Write the direction cosines of the \[x - \]axis.

Answer 1

Hint: here, we are going to use the concept of direction cosines. Direction cosines of a line are the cosines of the angles made by the line with positive directions of the co-ordinate axes.

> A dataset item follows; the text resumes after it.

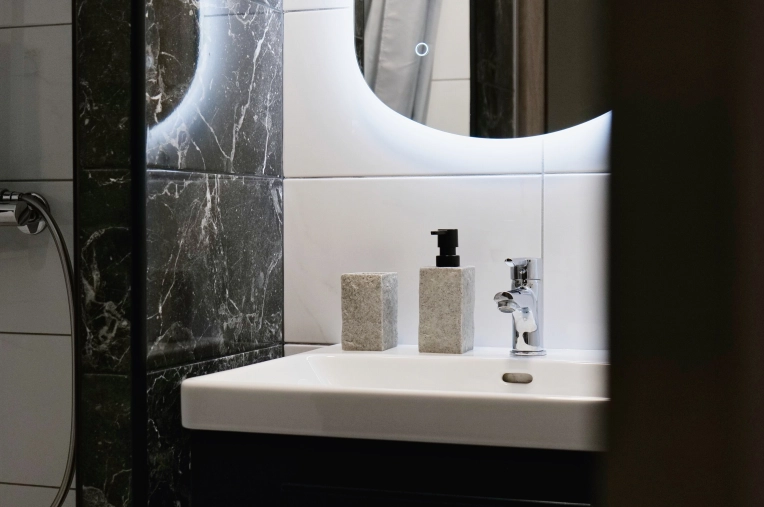 Photographie, Immobilier & Architecture, Architecture d'intérieur / Décoration, Airbnb, Artistique, Traditionnel, Lifestyle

Complete step-by-step answer:
We know, direction cosines of a line making angle \[\alpha \] with \[x\]-axis, \[\beta \] with \[y\]-axis and \[\gamma \] with \[z\]-axis are \[l,m,n\] where \[l = \cos \alpha ,m = \cos \beta ,n = \cos \gamma \]
consider\[x\]-axis which makes an angle \[{0^\circ }\] with the \[x\]-axis, \[{90^\circ }\] with the \[y - \] axis and \[{90^\circ }\] with the \[z - \]axis
\[ \Rightarrow \alpha = {0^\circ },\beta = {90^\circ },\gamma = {90^\circ }\]
Therefore, we have the direction cosines of \[x\] -axis as given below
\[l = \cos \alpha = \cos {0^\circ } = 1\]
\[m = \cos \beta = \cos {90^\circ } = 0\]
\[n = \cos \gamma = \cos {90^\circ } = 0\]
Therefore, the cosines of \[x\]-axis are 1,0,0

Note: The values of cosines should be correctly calculated without any error. 0ne should also make a diagram if he/she has a problem while visualizing the line.